**Data to use**
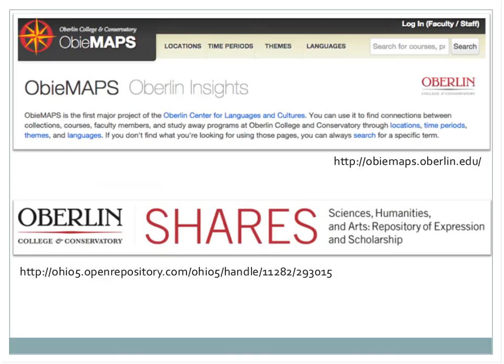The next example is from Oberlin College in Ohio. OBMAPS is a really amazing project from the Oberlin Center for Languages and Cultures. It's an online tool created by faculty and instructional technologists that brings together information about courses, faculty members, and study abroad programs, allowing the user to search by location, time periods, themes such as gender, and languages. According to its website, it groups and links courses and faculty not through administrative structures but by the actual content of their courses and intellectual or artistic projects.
---
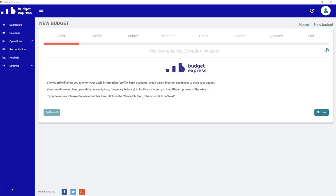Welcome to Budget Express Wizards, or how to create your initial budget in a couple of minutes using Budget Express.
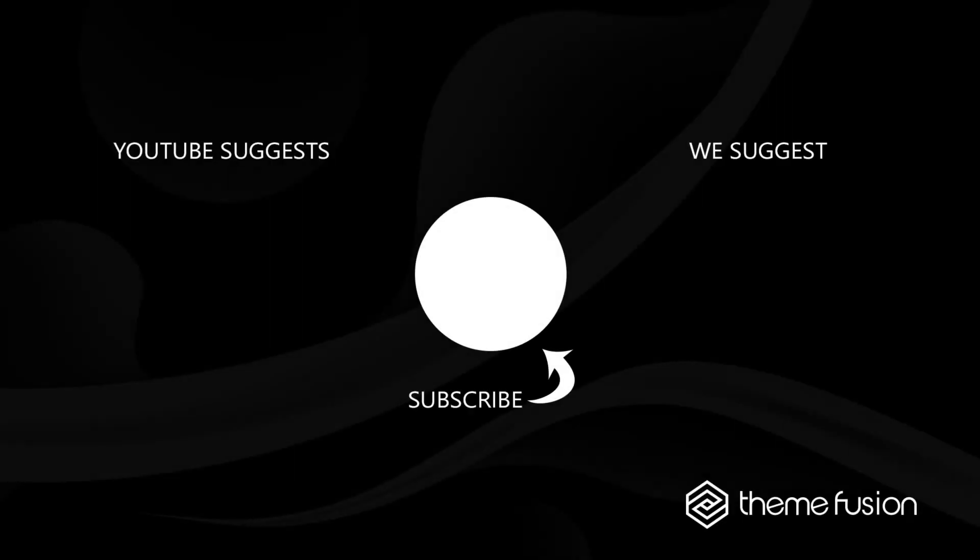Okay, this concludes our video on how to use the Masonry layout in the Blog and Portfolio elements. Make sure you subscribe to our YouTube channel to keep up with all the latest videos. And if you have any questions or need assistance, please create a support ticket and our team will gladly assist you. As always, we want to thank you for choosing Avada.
* * *
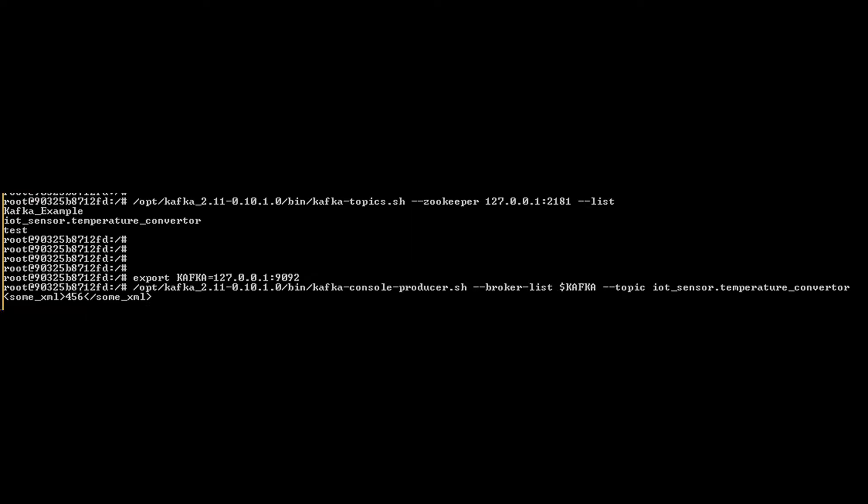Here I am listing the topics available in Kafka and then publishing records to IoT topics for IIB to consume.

**Action item**
Pictures aside, print exactly the lines above starting with the one containing "Welcome to Budget" and going on through the one containing "Okay, this concludes".

**Solution to this task**
Welcome to Budget Express Wizards, or how to create your initial budget in a couple of minutes using Budget Express.
Okay, this concludes our video on how to use the Masonry layout in the Blog and Portfolio elements. Make sure you subscribe to our YouTube channel to keep up with all the latest videos. And if you have any questions or need assistance, please create a support ticket and our team will gladly assist you. As always, we want to thank you for choosing Avada.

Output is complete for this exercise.